На эту принципиальную позицию не влияет тот факт, что наш философ в очень подробном примечании (стр. 145 – 147) объявляет «формальную казнь» такого монарха, как Карла I или Людвига XVI. более ужасной, поскольку она «с содроганием охватывает душу, наполненную идеями прав человека», чем его свержение, для которого может существовать «чрезвычайное право», или даже убийство, которое может быть актом самосохранения; ибо оно предполагает «полный переворот принципов отношений между государем и народом». Кант здесь путает, как уже отмечал Коген (указ. соч. С. 437), случайную физическую личность главы государства с его «моральной личностью», которая в других местах встречается в суверенитете общей воли, таким образом, идею с видимостью. Дух «первоначального договора», однако, содержит «обязательство сделать форму правления соответствующей этой (т.е. своей) идее», т.е. изменить ее, «если это нельзя сделать сразу, постепенно и непрерывно» таким образом, чтобы она гармонировала с единственной законной конституцией, а именно конституцией чистой республики, по своему действию», пока, наконец, даже устаревшие эмпирические формы не растворятся в либеральных рациональных (стр. 169f).

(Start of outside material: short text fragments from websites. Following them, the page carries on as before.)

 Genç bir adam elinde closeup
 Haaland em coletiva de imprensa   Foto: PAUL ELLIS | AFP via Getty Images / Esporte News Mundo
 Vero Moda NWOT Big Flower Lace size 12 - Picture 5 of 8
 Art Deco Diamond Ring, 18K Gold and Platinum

В «резолюции» учения о праве развивается мысль о том, что «вся конечная цель» учения о праве в пределах простого разума – параллель, следовательно, критической доктрине религии – состоит в идеале всеобщего и вечного, короче говоря, вечного мира. Ибо идея «правового союза людей под властью законов вообще» может одна – если она не будет предпринята и осуществлена революционным путем, скачком, т.е. насильственным ниспровержением существующей до сих пор дефектной конституции (ибо в этом случае между ними наступит момент разрушения всех правовых условий), а путем постепенной реформы в соответствии с установленными принципами» – «привести в непрерывном приближении к высшему политическому благу, к вечному миру» (стр. 186).

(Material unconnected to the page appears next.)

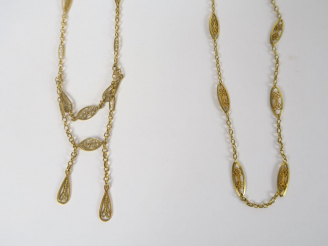 Vente aux enchères Chaine et négiligé en or filigrané.  Poids. 20,5 gr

Однако это высшее благо было рассмотрено годом ранее – в том же году Пруссия заключила особый мир с Французской республикой – в специальном труде философа, его знаменитом трактате «О вечном мире». Сам Кант называл его «философским наброском». Но мы можем назвать его политическим завещанием. Ведь он выходит далеко за рамки простого мирного трактата, за который его обычно принимали из-за названия. Скорее, в нем он выразил свои сокровенные политические мысли более свободно, чем в «формально-систематической юридической доктрине», связанной с его лекциями. В своих письмах, а также в кратком предисловии он называет работу «грезами», но это полуироничное слово, по сути, призвано защитить его от «злобного толкования» «мудрых государственных деятелей», которые в иных случаях смотрят на простого теоретика «с его пустыми идеями» с величайшим самодовольством, но как только он говорит им неприятные истины, они «чуют в нем опасность для государства» (Предисловие, стр. 149).

Прежде всего, в документе вновь открыто выражен принцип Руссо, который прусские правители того времени осудили как «якобинство», что без идеи первоначального договора «не может быть придумано никакого права над народом» (стр. 151). Далее: «Ни одно государство не может насильственно вмешиваться в конституцию и правительство другого государства» (Статья V, стр. 153). И первая окончательная статья о вечном мире гласит: «Гражданская конституция в каждом штате должна быть республиканской». Теперь, даже если республиканская не тождественна демократической, а лишь выражает оппозицию деспотической, или, точнее, означает «принцип отделения исполнительной власти от законодательной» (стр. 162): республиканизм, тем не менее, основан на «неотъемлемых», «врожденных» правах человека – свободе, равенстве и – как это теперь выражено более свободно, чем в формулировке 793 года – «зависимости всех от единого общего законодательства». Однако, по мнению Канта, чистая демократия не совсем благоприятствует этому идеалу, «потому что там все хочет быть господином», тогда как монарх при определенных обстоятельствах может действовать скорее как верховный слуга государства, «как, по крайней мере, говорил Фридрих II». (последнее слово зачеркнуто у Канта!).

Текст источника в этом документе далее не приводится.